Re: [CODE4LIB] searching metadata vs searching content

2016-01-26 Thread Shaun D. Ellis
Hi Laura,
Great question.  Unfortunately, I think you’re going to be fairly limited when 
it comes to having granular control over fields and facet indexing in ContentDM 
(someone correct me if I’m wrong).

But to answer your question about general steps involved with indexing the 
metadata AND full text of a METS document…

To have the most control over how your data is indexed, you will want to use a 
search platform.  Apache Solr is used in a 
majority of library-related software, so I’ll use that in my examples, although 
there are several others.  Solr doesn’t have a concept of “metadata” and 
“content”, just “fields" that you can use to search both.

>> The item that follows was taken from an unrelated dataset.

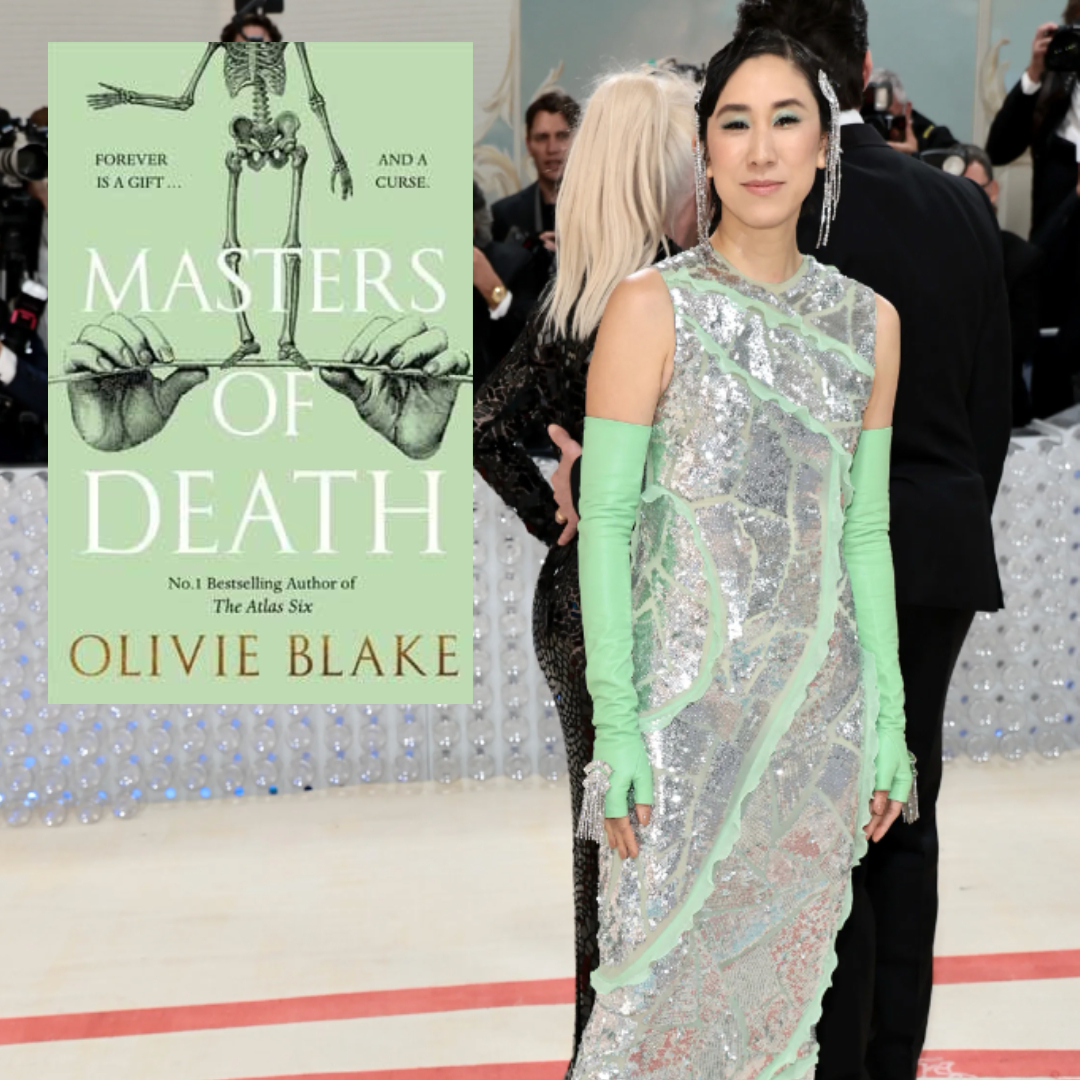 Eve Chen as @OlivieBlake's upcoming dark fantasy, Masters of Death 💚 Pre-order our Exclusive Edition with stencilled edges: bit.ly/41XV7v4 #LooksToBooks #MetGala #MetGala2023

In the case of your METS data, you will need to first transform it into a more 
simplified document (Solr XML) containing the fields that matter for a 
particular search interface and are defined in the 
schema.  This transform step can be 
done in any number of ways, but XSLT is fairly common.  To index the full-text 
content that your METS document points to, you can build that into your 
transform script/stylesheet, or you can run a separate script/process later 
that updates the record with the full-text.  In the case of a “compound object” 
you may need to have a script iterate over lots of separate content files and 
add them to the Solr document that represents a yearbook.

There are a few ways to add data to a solr index, but a common one in 
library-land is to add (and update) records to the Solr index by POSTing your 
freshly “transformed" data via HTTP (here’s the Solr quickstart 
tutorial).

Customizing your search results (weighting, stemming, rows per page, etc.) can 
be handled in the Solr config file. 
 For example, you can tweak the weight/relevance of the query based on which 
fields it matches.

When you query Solr over HTTP, it will return results in XML or JSON that you 
can then render in a display or discovery interface. 
Blacklight is one example of a discovery 
interface.

Sorry if I’ve covered stuff you already know.  There are lots of tools, 
applications, and frameworks that will simplify the process (perhaps too much 
in some cases!), but the best give you the most control over how you index and 
retrieve your data.  I think that covers the basics and hopefully answers your 
question.

Cheers,
Shaun
P.S. -  I’m not sure that even Solr will help you locate the Doyle Owl. ;)

On Jan 26, 2016, at 7:30 PM, Laura Buchholz 
> wrote:

Hi all,

I'm trying to understand how digital library systems work when there is a
need to search both metadata and item text content (plain text/full text),
and when the item is made up of more than one file (so, think a digitized
multi-page yearbook or newspaper). I'm not looking for answers to a
specific problem, really, just looking to know what is the current state of
community practice.

In our current system (ContentDM), the "full text" of something lives in
the metadata record, so it is indexed and searched along with the metadata,
and essentially treated as if it were metadata. (Correct?). This causes
problems in advanced searching and muddies the relationship between what is
typically a descriptive metadata record and the file that is associated
with the record. It doesn't seem like a great model for the average digital
library. True? I know the answer is "it depends", but humor me... :)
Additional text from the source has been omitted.